We adopted online data collection methods to collect 20 minutes of speech and demographic information from individuals. Participants were categorized as "healthy" help-seekers (HC), having a schizophrenia-spectrum disorder (SSD), bipolar disorder (BD), major depressive disorder (MDD), or being on the psychosis spectrum with sub-clinical psychotic experiences (SPE). SPE status was determined based on self-reported clinical diagnosis and responses to the PHQ-8 and PQ-16 screening questionnaires, while other diagnoses were determined based on self-report from participants. Linguistic and paralinguistic features were extracted and ensemble learning algorithms (e.g., XGBoost) were used to train models. A 70%-30% train-test split and 30-fold cross-validation was used to validate the model performance.
The final analysis sample included 1140 individuals and 22,650 minutes of speech. Using 5-minutes of speech, our model could discriminate between HC and those with a serious mental illness (SSD or BD) with 86% accuracy (AUC = 0.91, Recall = 0.7, Precision = 0.98). Furthermore, our model could discern among HC, SPE, BD and SSD groups with 86% accuracy (F1 macro = 0.855, Recall Macro = 0.86, Precision Macro = 0.86). Finally, in a 5-class discrimination task including individuals with MDD, our model had 76% accuracy (F1 macro = 0.757, Recall Macro = 0.758, Precision Macro = 0.766).
Our ML pipeline demonstrated disorder-specific learning, achieving excellent or good accuracy across several classification tasks. We demonstrated that the screening of mental disorders is possible via a fully automated, remote speech assessment pipeline.
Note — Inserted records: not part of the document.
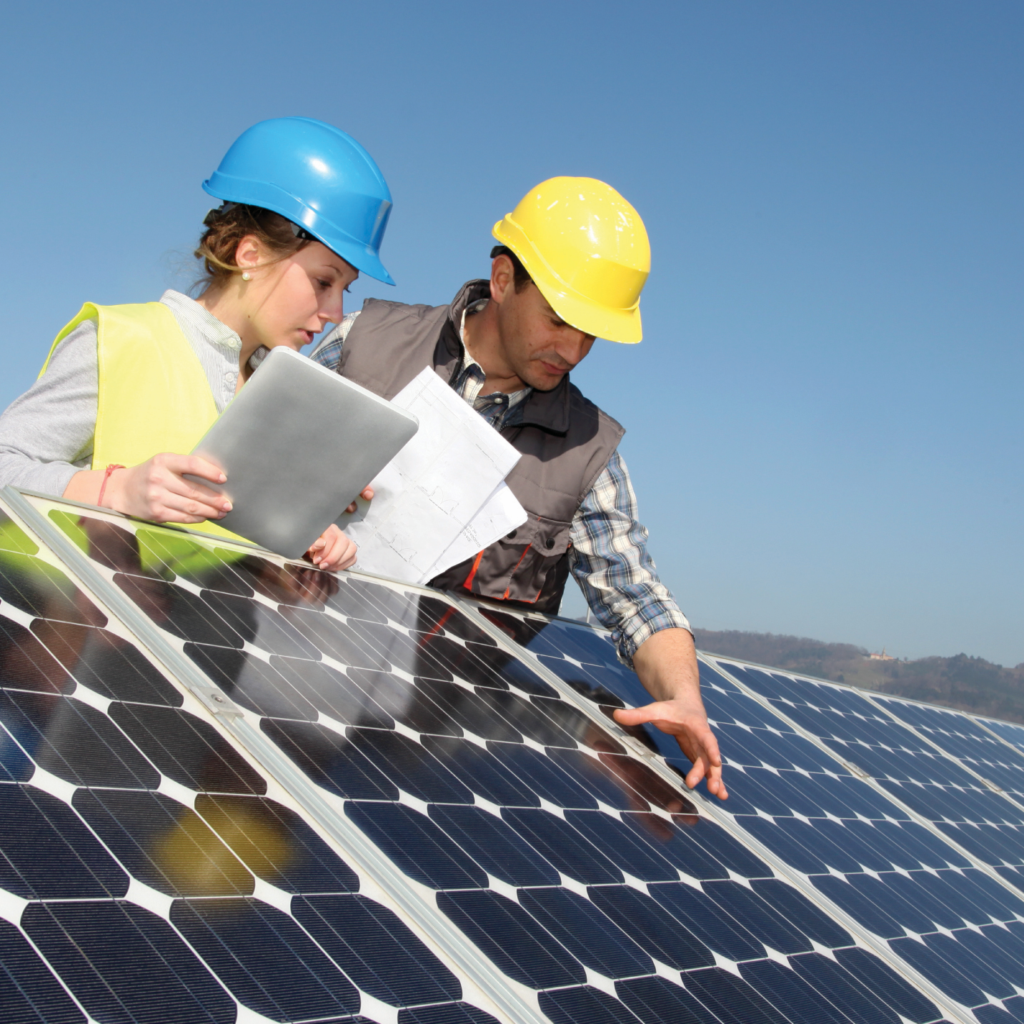 Two workers wearing hard hats and reflective vests are leaning over a solar panel. The sky is bright blue behind them.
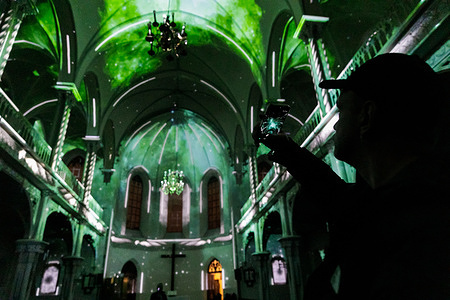 A man records a light show on his smartphone during the Eonarium immersive exhibition at the Evangelical Reformed Church. An immersive light and sound exhibition featuring 3D video mapping projections adapted to the architecture of the venue is presented inside the Evangelical Reformed Church in Warsaw, Poland. The exhibition is part of an international tour previously shown in Switzerland, Germany and France.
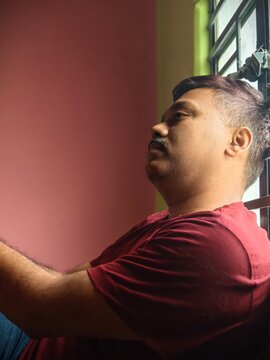 Different mood of an Indian man inside home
We tested our model on relatively high number conditions (5 classes) in the literature and in a stratified sample of psychosis spectrum, including HC, SPE, SSD and BD (4 classes). We tested our model on a large sample (N = 1150) and demonstrated best-in-class accuracy with remotely collected speech data in the psychosis spectrum, however, further clinical validation is needed to test the reliability of model performance.
精神病带来了巨大的社会和医疗负担。言语分析是一种很有前景的精神病诊断和监测方法,能够捕捉思维紊乱和平淡情感等症状。自然语言处理(NLP)方法的最新进展使得能够自动提取信息性言语特征,这已被用于早期精神病检测和症状学评估。然而,关键差距仍然存在,包括缺乏标准化的样本收集方案、样本量小以及缺乏多病种分类,限制了临床适用性。我们的研究旨在:(1)在评估精神病谱系的背景下,确定一种用于在线和远程收集言语的最佳评估方法,并评估基于言语的全自动机器学习(ML)流程能否在不同分析层和诊断复杂性水平上区分精神分裂症 - 双相谱系(SSD - BD - SPE)中的不同病症、寻求帮助的对照受试者(MDD)和健康对照(HC)。
我们采用在线数据收集方法,从个体收集20分钟的言语和人口统计学信息。参与者被分类为“健康”寻求帮助者(HC)、患有精神分裂症谱系障碍(SSD)、双相情感障碍(BD)、重度抑郁症(MDD)或处于伴有亚临床精神病体验(SPE)的精神病谱系中。SPE状态根据自我报告的临床诊断以及对PHQ - 8和PQ - 16筛查问卷的回答来确定,而其他诊断则根据参与者的自我报告来确定。提取语言和副语言特征,并使用集成学习算法(如XGBoost)训练模型。采用70% - 30%的训练 - 测试分割和30折交叉验证来验证模型性能。
最终分析样本包括1140名个体和22650分钟的言语。使用5分钟的言语记录,我们的模型能够以86%的准确率区分HC和患有严重精神疾病(SSD或BD)的个体(AUC = 0.91,召回率 = 0.7,精确率 = 0.98)。此外,我们的模型能够以86%的准确率区分HC、SPE、BD和SSD组(F1宏 = 0.855,召回率宏 = 0.86,精确率宏 = 0.86)。最后,在包括MDD个体在内的5类判别任务中,我们的模型准确率为76%(F1宏 = 0.757,召回率宏 = 0.758,精确率宏 = 0.766)。
我们的ML流程展示了针对特定病症的学习能力,在多个分类任务中实现了优异或良好的准确率。我们证明了通过全自动远程言语评估流程进行精神障碍筛查是可行的。我们在文献中相对较多的病症情况(5类)以及包括HC、SPE、SSD和BD(4类)的精神病谱系分层样本上测试了我们的模型。我们在大样本(N = 1150)上测试了我们的模型,并在精神病谱系中通过远程收集的言语数据展示了一流的准确率,然而,需要进一步的临床验证来测试模型性能的可靠性。